Assembly and annotation of the oat genome
We assembled the Sanfensan genome into 326 contigs based on 1,028 Gb of ultralong reads (N50 length: 52 kb; ~100× genome coverage). The draft genome assemblies were then corrected by using ~650 Gb of cleaned Illumina paired-end reads, resulting in a total assembly size of 10.76 Gb, 99.06% of which was arranged into 21 chromosomes (based on 1,296 Gb of Hi-C data) after dissociating 72 misjoined contigs into 182 contigs using three-dimensional proximity information (Extended Data Fig. 1a). The final assembly contained 436 corrected contigs with N50 of 75.27 Mb and a maximum length of 313.87 Mb. Of these, 323 contigs were anchored onto 21 pseudochromosomes (Table 1, Supplementary Tables 1–3 and Extended Data Fig. 1a). The quality of the Sanfensan genome assembly was supported by assessments including NG plots, long terminal repeat (LTR) assembly index (LAI; 18.34), BUSCO (99.44%) and the coverage of full-length transcripts by the assembled genome (92.00%) (Extended Data Fig. 2), together with the markers from hexaploid oat consensus map15 and high level of syntenic relationship with the other hexaploid OT3098 v2 reference genome (https://wheat.pw.usda.gov/jb?data=/ggds/oat-ot3098v2-pepsico) (Extended Data Fig. 3). In addition, we found that 99.87% and 96.30% of the assemblies were covered at more than 20× sequencing depth with ultralong reads and short reads, respectively, indicating high accuracy at the nucleotide level (Extended Data Fig. 2d,e). Finally, 99.75% of the 4,336,693,678 Illumina paired-end reads could be mapped onto the assembly, with 98.22% properly paired alignments. From this mapping result, 98,885 homozygous single-nucleotide polymorphisms (SNPs) and 19,444 insertions/deletions (InDels) were identified in Sanfensan, giving an estimated overall nucleotide accuracy rate of 99.999%. We also identified 1,093,198 heterozygous SNPs and 66,019 heterozygous InDels, giving an overall heterozygosity rate of 0.011%, indicating that the Sanfensan genome is largely homozygous. We annotated a total of 120,769 protein-coding genes, 88.41% of which were assigned to a predicted function and 33.69% of which have alternative splicing (AS) variants (Table 1, Supplementary Tables 4 and 5). Moreover, 86.95% (9.35 Gb) of the assembly was annotated as repetitive elements (Supplementary Table 6), which is higher than previously reported genomes of barley (80.80%)16 and bread wheat (84.70%)9.
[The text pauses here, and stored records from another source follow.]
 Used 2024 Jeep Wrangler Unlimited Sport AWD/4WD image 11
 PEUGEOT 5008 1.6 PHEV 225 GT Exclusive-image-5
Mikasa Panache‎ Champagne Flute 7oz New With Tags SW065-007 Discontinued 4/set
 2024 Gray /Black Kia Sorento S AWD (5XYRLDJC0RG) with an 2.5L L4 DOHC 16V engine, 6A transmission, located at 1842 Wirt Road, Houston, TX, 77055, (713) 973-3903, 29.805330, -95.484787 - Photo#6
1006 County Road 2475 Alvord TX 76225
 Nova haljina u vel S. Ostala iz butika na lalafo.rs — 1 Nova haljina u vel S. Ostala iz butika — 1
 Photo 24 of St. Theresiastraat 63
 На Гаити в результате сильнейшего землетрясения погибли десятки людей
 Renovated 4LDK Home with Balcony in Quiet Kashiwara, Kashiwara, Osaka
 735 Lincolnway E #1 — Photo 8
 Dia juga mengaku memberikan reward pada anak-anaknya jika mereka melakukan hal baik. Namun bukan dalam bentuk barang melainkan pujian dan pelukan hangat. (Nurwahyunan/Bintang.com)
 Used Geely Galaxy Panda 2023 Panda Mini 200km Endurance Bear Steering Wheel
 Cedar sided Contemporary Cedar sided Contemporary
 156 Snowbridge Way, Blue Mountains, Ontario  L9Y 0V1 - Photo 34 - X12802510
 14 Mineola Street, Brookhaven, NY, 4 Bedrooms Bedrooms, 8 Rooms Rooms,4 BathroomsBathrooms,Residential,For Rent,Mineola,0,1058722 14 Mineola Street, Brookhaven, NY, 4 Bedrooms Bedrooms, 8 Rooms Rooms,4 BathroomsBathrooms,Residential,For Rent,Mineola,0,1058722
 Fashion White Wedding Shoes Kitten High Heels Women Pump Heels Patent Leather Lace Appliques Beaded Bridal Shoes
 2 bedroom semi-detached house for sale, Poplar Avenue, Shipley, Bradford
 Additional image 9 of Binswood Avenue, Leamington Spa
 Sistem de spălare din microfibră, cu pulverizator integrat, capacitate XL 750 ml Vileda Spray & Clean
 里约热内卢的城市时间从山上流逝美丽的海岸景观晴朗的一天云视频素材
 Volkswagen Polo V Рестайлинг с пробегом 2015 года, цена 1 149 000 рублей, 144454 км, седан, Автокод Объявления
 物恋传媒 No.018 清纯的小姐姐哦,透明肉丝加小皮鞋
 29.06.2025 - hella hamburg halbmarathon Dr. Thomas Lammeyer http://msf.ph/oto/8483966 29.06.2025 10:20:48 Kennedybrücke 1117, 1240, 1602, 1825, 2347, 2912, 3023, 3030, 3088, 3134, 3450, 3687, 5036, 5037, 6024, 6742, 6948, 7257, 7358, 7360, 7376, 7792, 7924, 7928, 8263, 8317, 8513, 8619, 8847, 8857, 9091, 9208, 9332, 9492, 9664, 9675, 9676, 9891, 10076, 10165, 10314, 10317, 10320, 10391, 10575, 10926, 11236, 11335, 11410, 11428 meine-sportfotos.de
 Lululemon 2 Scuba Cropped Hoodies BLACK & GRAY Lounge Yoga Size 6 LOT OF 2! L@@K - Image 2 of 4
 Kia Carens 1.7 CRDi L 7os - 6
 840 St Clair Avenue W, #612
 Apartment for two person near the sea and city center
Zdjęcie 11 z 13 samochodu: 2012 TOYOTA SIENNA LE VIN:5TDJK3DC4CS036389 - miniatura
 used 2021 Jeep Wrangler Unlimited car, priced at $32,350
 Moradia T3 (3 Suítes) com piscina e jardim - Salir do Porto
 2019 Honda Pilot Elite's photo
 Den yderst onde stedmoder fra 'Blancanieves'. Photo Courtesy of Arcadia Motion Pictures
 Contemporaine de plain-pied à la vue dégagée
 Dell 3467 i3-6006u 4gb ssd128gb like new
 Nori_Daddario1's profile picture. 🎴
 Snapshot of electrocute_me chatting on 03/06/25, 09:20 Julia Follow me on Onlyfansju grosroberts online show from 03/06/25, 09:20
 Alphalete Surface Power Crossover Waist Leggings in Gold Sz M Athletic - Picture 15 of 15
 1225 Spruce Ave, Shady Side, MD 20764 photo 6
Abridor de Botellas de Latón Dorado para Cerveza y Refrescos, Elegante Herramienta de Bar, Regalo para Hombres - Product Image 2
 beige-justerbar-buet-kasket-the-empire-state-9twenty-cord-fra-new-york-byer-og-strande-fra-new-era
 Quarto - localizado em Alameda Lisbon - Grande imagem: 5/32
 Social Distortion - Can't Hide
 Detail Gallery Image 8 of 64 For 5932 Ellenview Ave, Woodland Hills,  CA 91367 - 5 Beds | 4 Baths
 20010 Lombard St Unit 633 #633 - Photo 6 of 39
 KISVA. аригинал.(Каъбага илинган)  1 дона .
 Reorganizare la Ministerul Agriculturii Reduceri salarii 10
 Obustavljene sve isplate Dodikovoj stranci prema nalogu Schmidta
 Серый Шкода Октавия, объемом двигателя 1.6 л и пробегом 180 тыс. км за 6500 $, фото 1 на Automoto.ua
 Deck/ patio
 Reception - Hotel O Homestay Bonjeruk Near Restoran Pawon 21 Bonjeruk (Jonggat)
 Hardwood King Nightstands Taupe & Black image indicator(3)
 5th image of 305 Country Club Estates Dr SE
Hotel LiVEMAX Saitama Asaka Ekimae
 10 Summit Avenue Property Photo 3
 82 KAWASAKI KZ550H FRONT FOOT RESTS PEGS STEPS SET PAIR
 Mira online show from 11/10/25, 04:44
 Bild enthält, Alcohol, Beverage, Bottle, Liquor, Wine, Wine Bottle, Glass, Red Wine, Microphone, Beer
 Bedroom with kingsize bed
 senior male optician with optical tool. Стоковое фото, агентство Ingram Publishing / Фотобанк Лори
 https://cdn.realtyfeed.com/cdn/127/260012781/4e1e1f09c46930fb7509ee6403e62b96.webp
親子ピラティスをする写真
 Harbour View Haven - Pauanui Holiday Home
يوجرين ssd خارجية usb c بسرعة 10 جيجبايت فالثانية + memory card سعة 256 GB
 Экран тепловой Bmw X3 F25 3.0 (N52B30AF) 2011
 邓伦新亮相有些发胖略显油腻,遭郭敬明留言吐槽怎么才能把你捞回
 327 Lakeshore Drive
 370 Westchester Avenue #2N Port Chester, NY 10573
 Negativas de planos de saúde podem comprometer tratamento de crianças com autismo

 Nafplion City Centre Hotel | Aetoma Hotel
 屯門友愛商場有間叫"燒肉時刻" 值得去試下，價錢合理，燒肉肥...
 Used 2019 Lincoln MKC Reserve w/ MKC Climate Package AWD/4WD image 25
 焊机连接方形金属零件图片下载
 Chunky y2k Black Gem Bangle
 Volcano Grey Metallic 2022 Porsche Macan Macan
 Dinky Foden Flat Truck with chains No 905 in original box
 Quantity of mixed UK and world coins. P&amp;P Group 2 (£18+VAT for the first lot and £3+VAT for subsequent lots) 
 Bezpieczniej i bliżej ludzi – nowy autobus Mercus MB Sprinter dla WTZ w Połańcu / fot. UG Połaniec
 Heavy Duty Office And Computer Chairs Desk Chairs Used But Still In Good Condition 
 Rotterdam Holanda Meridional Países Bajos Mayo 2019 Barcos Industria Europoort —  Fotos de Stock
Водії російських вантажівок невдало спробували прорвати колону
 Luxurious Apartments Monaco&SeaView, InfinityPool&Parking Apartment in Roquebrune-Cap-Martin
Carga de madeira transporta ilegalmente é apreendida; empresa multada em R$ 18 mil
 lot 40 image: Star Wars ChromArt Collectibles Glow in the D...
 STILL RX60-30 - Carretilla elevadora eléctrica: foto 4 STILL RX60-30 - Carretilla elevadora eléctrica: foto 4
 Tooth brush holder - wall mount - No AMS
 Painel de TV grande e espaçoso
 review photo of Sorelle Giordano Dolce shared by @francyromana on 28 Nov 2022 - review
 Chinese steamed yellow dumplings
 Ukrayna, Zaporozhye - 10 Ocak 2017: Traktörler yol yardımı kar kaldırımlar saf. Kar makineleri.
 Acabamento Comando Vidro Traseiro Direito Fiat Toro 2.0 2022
To distinguish the subgenomes accurately and clarify the polyploidization history of the hexaploid oat, we sequenced and assembled its most likely ancestral species A. longiglumis (2n = 2x = 14, AlAl genome) and A. insularis (2n = 4x = 28, CCDD genome)5, resulting in >60× genome coverage for A. longiglumis (218.67 Gb) and A. insularis (374.77 Gb). The assembled A. longiglumis genome was 3.74 Gb in size, 99.20% of which was anchored onto seven chromosomes with the A. atlantica genome as the reference17. The tetraploid A. insularis genome assembly was 7.52 Gb in size, 95.08% of which was arranged into 14 chromosomes by Hi-C analysis (Extended Data Fig. 1b). We annotated 43,477 and 89,995 protein-coding genes in the A. longiglumis and A. insularis genomes respectively (Table 1). Similarly, most of the A. longiglumis (86.83%) and A. insularis (87.11%) genomes are composed of repetitive elements (Table 1 and Supplementary Table 6).
Based on the genomic similarity among these three genomes, we successfully assigned the 21 pseudochromosomes of hexaploid oat to the A, C and D subgenomes (Extended Data Fig. 4a–d). The subgenome assignment was supported by the over-representation of the A- and C-genome-specific satellite repeats, As120a and Am1, respectively18,19, in the corresponding subgenomes (Fig. 1), and by mapping the whole-genome sequencing reads from a range of Avena species (Extended Data Fig. 4e,f). The nomenclature system of OT3098 v2 was adopted for naming the chromosomes of Sanfensan, which was consistent with that approved by the International Oat Nomenclature Committee.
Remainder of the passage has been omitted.